Wednesday, 4 July 2012

Your fears will find you

Fate is a Calvinist with a wickedly perverse sense of predestination. If it sets out to get you it will. In this regard, consider the experiences of a friend who will go unnamed. After a first burglary, he put up a two meter wall. This piqued the burglars’ interest and they went over the wall. He too installed an electric fence. The burglars broke through the wall, beneath the thief-zapper. He finally installed expensive, directional motion sensors. Unfortunately, the thieves saw their value and took those as well. Fate is a four letter word.


There is an expression which says, “Just because you are paranoid doesn’t mean you don’t have enemies.” My neighbour is paranoid. He has set up one of these ‘fry-and-die’ electric fences. Unfortunately it has not been grounded properly and my telephone line clicks like a nervous Geiger counter in a nuclear smelter. It is ruining my ability to send e-mails, and retards my workflow. His paranoia is rapidly earning him an enemy.
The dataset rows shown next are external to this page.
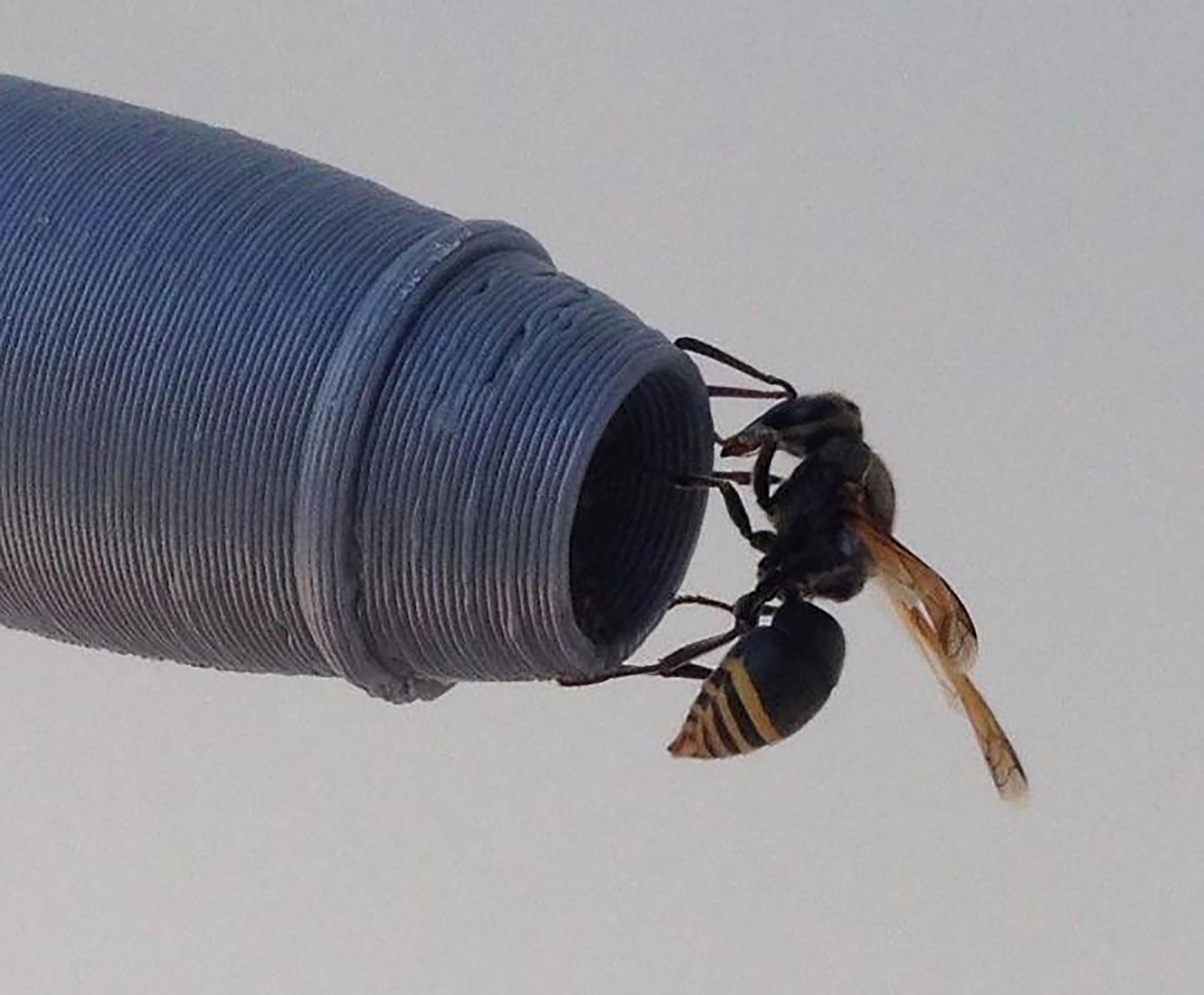 Keyhole wasps.jpg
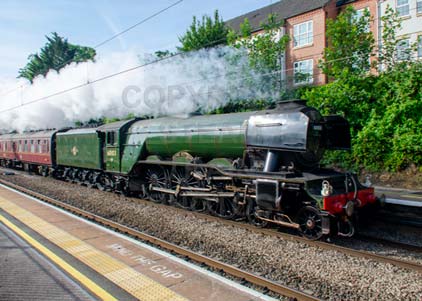 Purchase photo of 60103 FLYING SCOTSMAN at Tilehurst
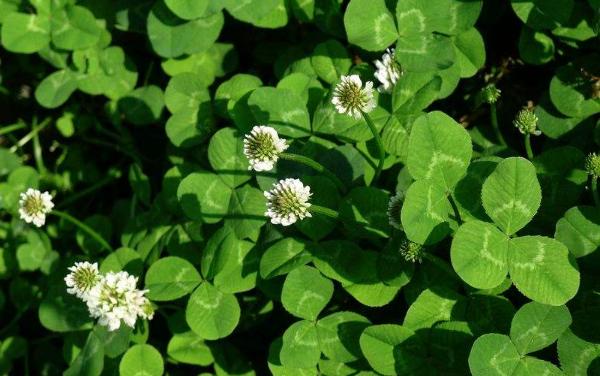 白车轴草什么时候开花 白车轴草花期是几月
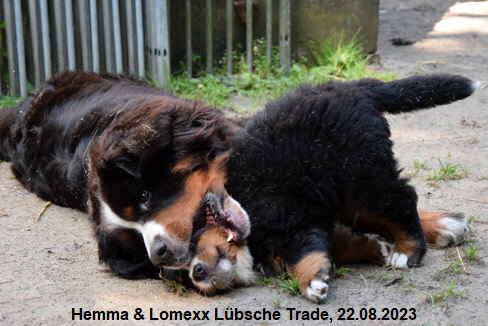Hemma & Lomexx Lbsche Trade, 22.08.2023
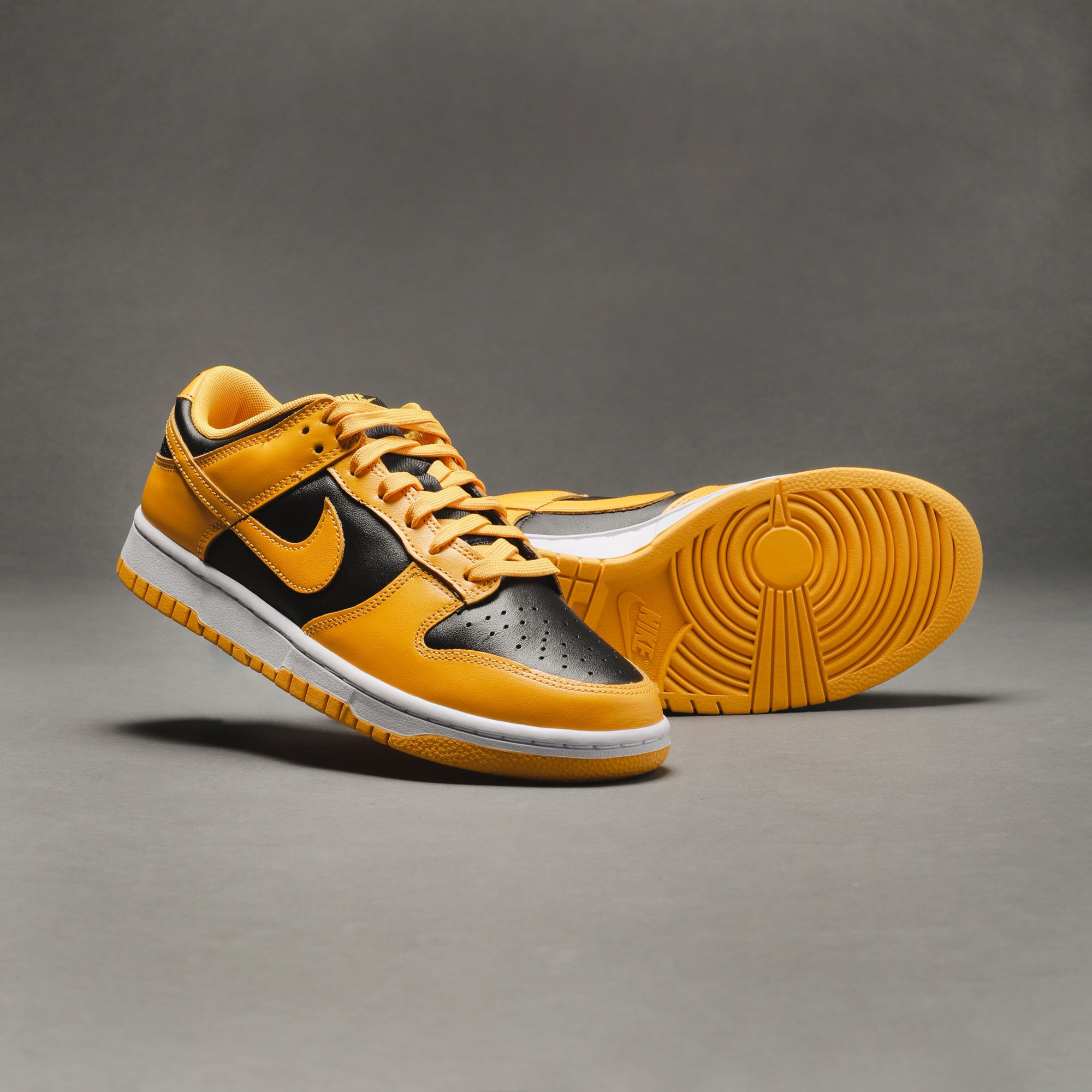 Nike Dunk Low Retro 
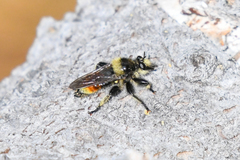 Laphria asturina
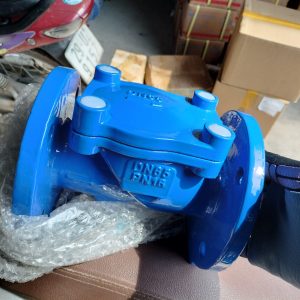 Van 1 chiều lá lật cánh cao su DN65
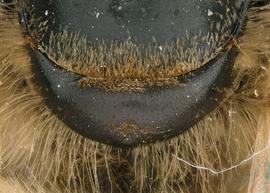   Apis mellifera  female scutellum brown, photo: T. Brady 
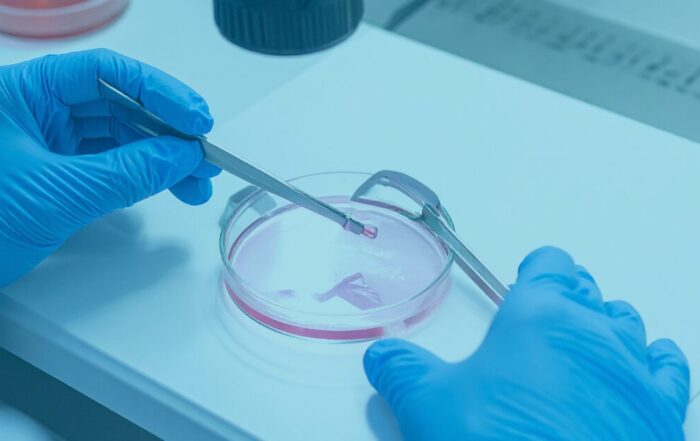 Cellen in een schaaltje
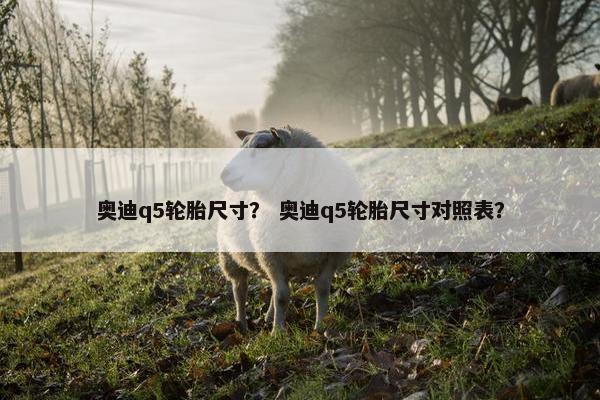 奥迪q5轮胎尺寸？ 奥迪q5轮胎尺寸对照表？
There is something to be said for paranoia. A quick look over the shoulder is all that it takes to spot the axe-wielding maniac and make the decision to scream and run. Unfortunately paranoia can also be the spanner in the wheel of life’s bicycle that sends us tumbling over the handlebars to a gory, but somehow ironic, fate.

Irony is running from a leopard right into the jaws of a waiting lion. Irony is walking into a pole as you smugly look back at the open manhole you just sidestepped. Irony is putting up an electric fence to keep your enemies out, only to find out that it has made you more enemies. If fate wants to get you, it will.

Fate is a Calvinist with a wickedly perverse sense of predestination. If it sets out to get you it will. In this regard, consider the experiences of a friend who will go unnamed. After a first burglary, he put up a two meter wall. This piqued the burglars’ interest and they went over the wall. He too installed an electric fence. The burglars broke through the wall, beneath the thief-zapper. He finally installed expensive, directional motion sensors. Unfortunately, the thieves saw their value and took those as well. Fate is a four letter word.

Insecurity and paranoia have become the control mechanisms of our time. New York post-punk band Radio 4 accurately describes the current global emotional tenor in their song. ‘State of Alert’: “Hear the sirens. Everything has suddenly changed. Can’t feel normal. Everyone is looking so strange.” Faced with continuous fear, the individual will do anything to alleviate the fear and return to normality. All you have to do to exert control is understand the fear and offer alleviation.

Of course, if no fear exists, it is easy enough to manufacture one that suits your specific purpose. In the words of advertising giant, David Ogilvy, “If you want to sell fire extinguishers, start a fire.” If you want to sell health bread, ask mothers if they are feeding their children well enough. If you want to sell bizarre Swedish ‘performance enhancers’, ask a man if he is well endowed. If you want to convince people to vote for you wherever ‘here’ is, ask your voters if they really trust a bunch of people half a world away.

Naturally people fall for their fears, and inevitably things get a whole lot worse. The children get grossed out by the health bread and develop junk food habits and morbid obesity before the onset of adolescence. The man with the Swedish vacuum pump buys a luxury German open top and develops a worse insecurity complex due to the laughter of women in small economical models as the wind blows over his bald patch. And the voters discover the perils of the exercise of foreign policy as yet another bunch of ragged ideological malcontents demonstrate their own amazing ability to ‘seriously kick superpower butt’.

Is there a moral to this story? It could be that we need to confront and exorcise our demons, no matter how scared we are. Unfortunately, this is not always the perfect solution, especially if your personal demon walks around carrying a baseball bat, signs your pay slip or, worse yet, comes accompanied by a lawyer holding a document that would make Satan shudder.

So the moral of the story should probably be that there is no real need to seek out and confront your fears. In fact, like debt collectors, boring door-to-door salesmen and beggars with bright smiles and interesting sores, they will find you.